These two news items illustrate a larger story about the United States in this moment.

The Biden administration has quite deliberately overturned the supply-side economics that came into ascendancy in 1981 when President Ronald Reagan took office and that remained dominant until 2021, when Biden entered the White House. Adherents of that ideology rejected the idea that the government should invest in the “demand side” of the economy—workers and other ordinary Americans—to develop the economy, as it had done since 1933.
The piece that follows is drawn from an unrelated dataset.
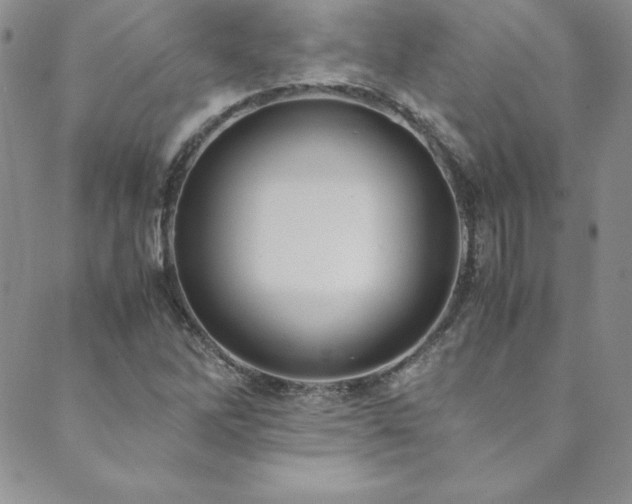 X0000089891262200706281406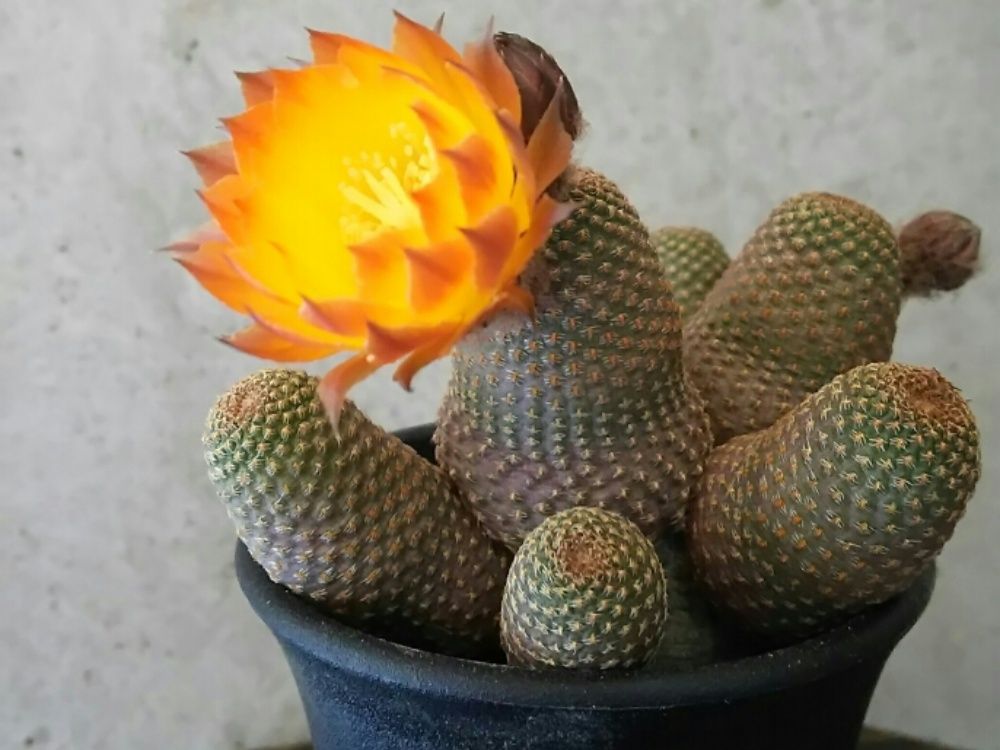 サボテン　黒斜子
Instead, they maintained that the best way to nurture the economy was to support the “supply side”: those at the top. Cutting business regulations and slashing taxes would create prosperity, they said, by concentrating wealth in the hands of individuals who would invest in the economy more efficiently than they could if the government interfered in their choices. That smart investment would dramatically expand the economy, supporters argued, and everyone would do better.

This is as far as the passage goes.